Imagining Diversity: Moving from Monopoly Money to a Multi-Layer Currency World
The central cause of the Eurozone crisis is the insistence on a single currency and hence a single interest rate across 17 highly diverse national economies, themselves made up of very diverse regional and local economies. Such a proposal was always opposed vigorously by economists--mostly of the right but also of the left--whose theory told them that there are very strict conditions under which a currency area can operate and that these were very far from being met by the European union and its member states. The argument was that the Eurozone project was always a political project, aiming to put unendurable pressure on countries, some of which were reluctant to relinquish sovereignty, to become part of a single political unit. Tie them into an unbreakable currency union, so ran the thinking, and the ensuing crises world force political union, making it eventually the lesser of two evils. This is the situation we have reached now, the last battle between the political unifiers and their unwilling citizens.
Yet underlying this is a more sinister and more elusive plan. If we observe who is benefitting from the current crisis it is not the democratic politicians. Rather it is the owners of capital and those who serve them. According to Richard Werner the decision about whether to resolve the Euro crisis lies in the hands of the monetary authorities. Just as in the pre-war German crisis, in the end the politicians decide that they can create and support money that resolves the morass of debt. With the attacks on working conditions, falling wage rates, the erosion of the assets of the poor and the inflation in the value of assets of the wealthy, the financial crisis has given the owner of capital an unprecedented opportunity to extend their power at the expense of citizens, whether workers or pensioners.

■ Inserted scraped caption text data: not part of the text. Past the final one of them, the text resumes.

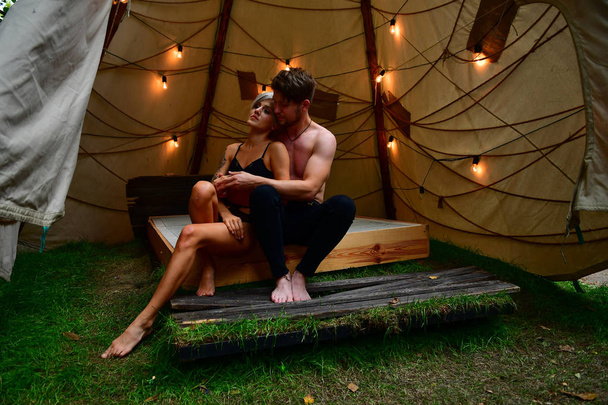 lány és srác játszik az ágyon egy sátorban koszorúkkal a romantika - Fotó, kép
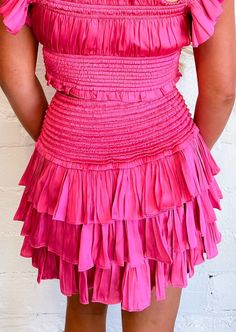 Twirl into feminine charm with this pink 3-tiered skirt, a delightful and playful ensemble that effortlessly combines flounce and style for a whimsical and fashionable look. 100% Polyester Dry Clean Only Meet Hannah! Height: 5’6” Hips: 34” Bust: 33” Waist: 25” Wearing Size: Small Ruffle Skort, Seychelles, Tiered Skirt, Hot Pink, Dry Clean, Skirt, Pink, How To Wear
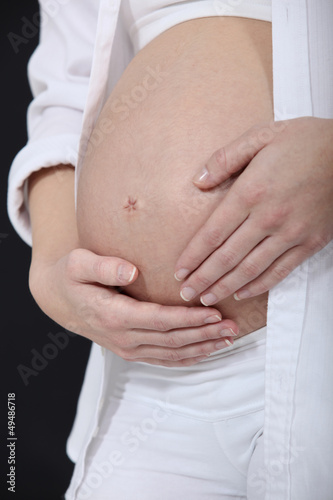 Photo: Woman stroking her pregnant belly Woman stroking her pregnant belly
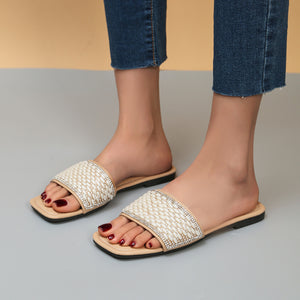 Chic open toe slide sandals with pearl and rhinestone embellished strap.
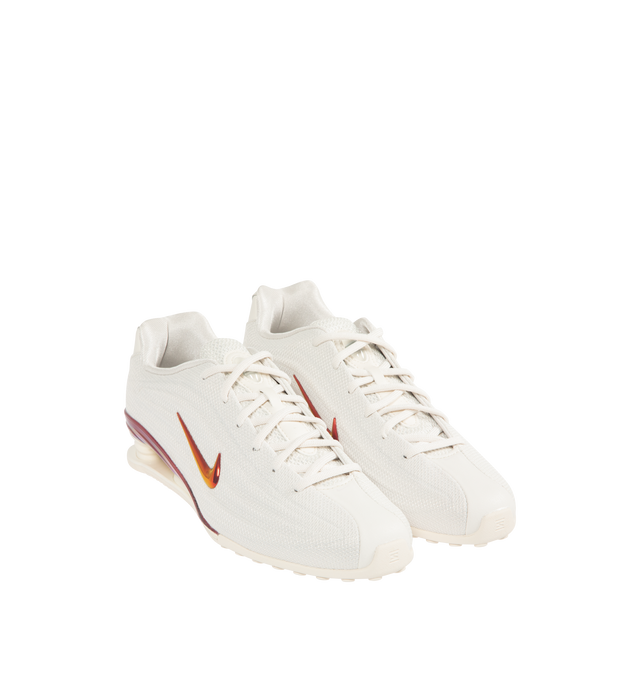 Image 2 of 5 - WHITE - NIKE Shox Z SE Sneaker featuring low-profile, slim, stitchless upper, iconic column design, vibrant Nike Swoosh, metallic accents and a modified, circular Waffle outsole. 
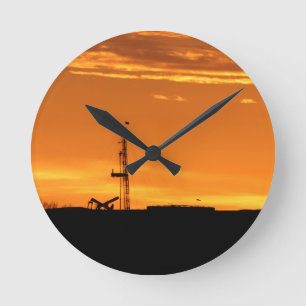Workover Rig bei Sunset Runde Wanduhr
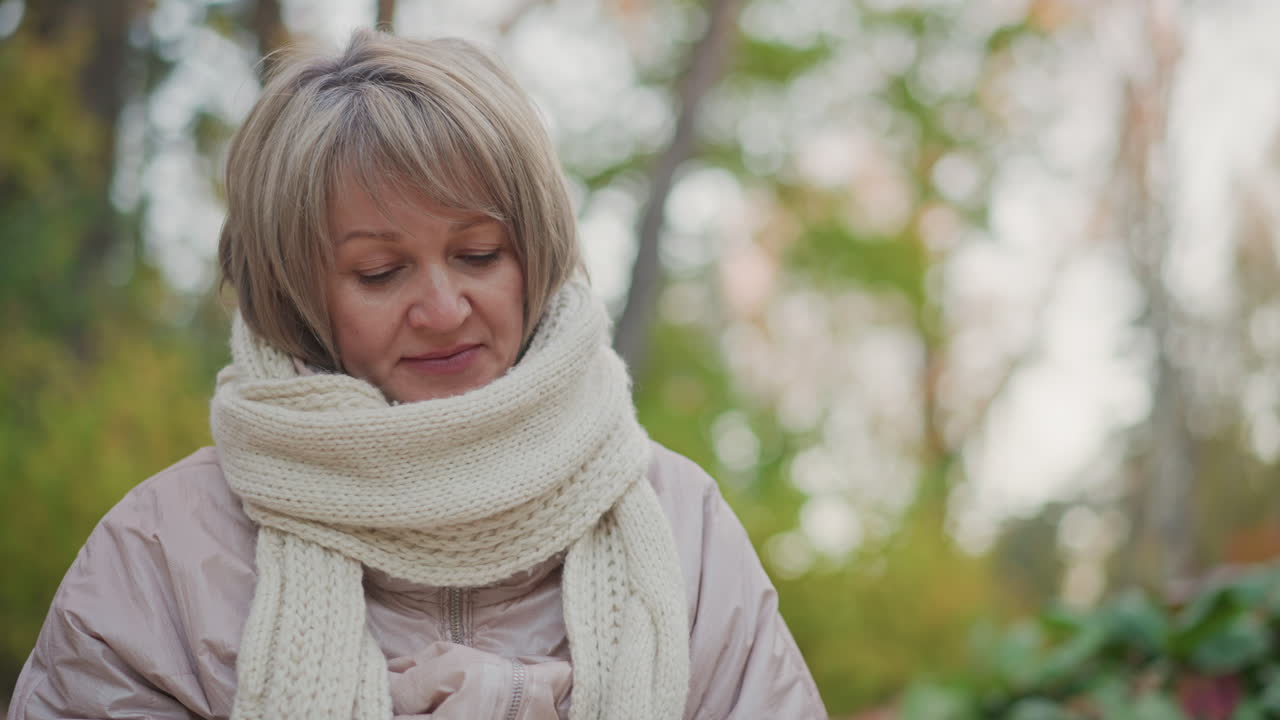 middle aged woman wearing thick cream scarf and pale jacket gazing downward with focused expression, background filled with blurred green and yellow trees in soft autumn forest ambiance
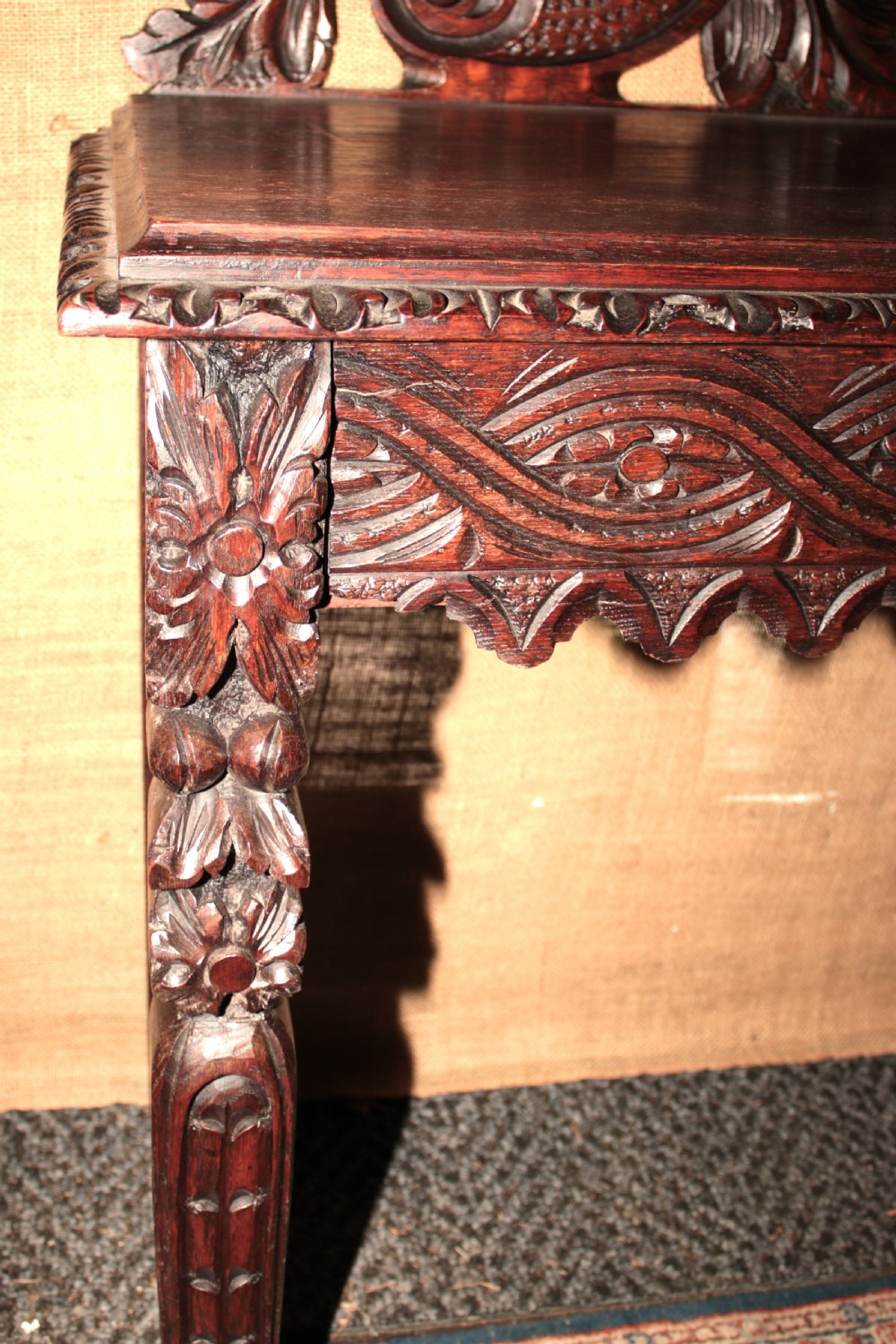 A dark carved oak side table featuring an ornate upstand with a mask motif, an intricately carved apron, and detailed legs. View VIII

The immediate threats from such policies are apparent: the public services our mothers and grandmothers fought for are being dismantled while19th-century working conditions including child labour are being seriously discussed. But the solution to the crisis threatens even more dangerous consequences in the future. As German economist Hans-Werner Sinn has pointed out, we are creating a situation where the northern European countries will become the creditors of the southern European countries. Germany's young people will be obliged to seek 21st-century reparations from their southern European neighbours, with all the national hostility that is likely to evoke. The very same pattern that led to the Second World War (then as a result of the Gold Standard strait-jacket) are being recreated as a result of the single currency (this first round of this catastrophe is detailed in Polanyi’ The Great Transformation, published in 1944).
It is the stranglehold of the single currency that is generating this socially and politically dangerous pressure. This leads us to be obvious answer: loosen the straitjacket and allow the patient to breathe. This can be achieved by abandoning the idea of a single currency, but going further than these to argue that a sustainable and just economy needs a diversity of currencies for different purposes. In the remainder of this paper Scott Cato addresses three levels, from the bottom up. First, Scott Cato will explore the role that local currencies can play in reviving the local economies that once met the majority of our needs but have been asphyxiated by the process of globalisation. Secondly, Scott Cato will consider what it means to have a national currency, and why the Euro can never provide a substitute for a country's own currency. The proposal here is that, rather than abandoning the Euro, we use it as a common rather than single currency. In the final section Scott Cato considers the final role that we need a currency to play in a complex global economy: to facilitate transactions between nations. Here Scott Cato suggests that we took a seriously wrong turning at Bretton Woods and explore options for a global currency that could ensure justice as well as sustainability.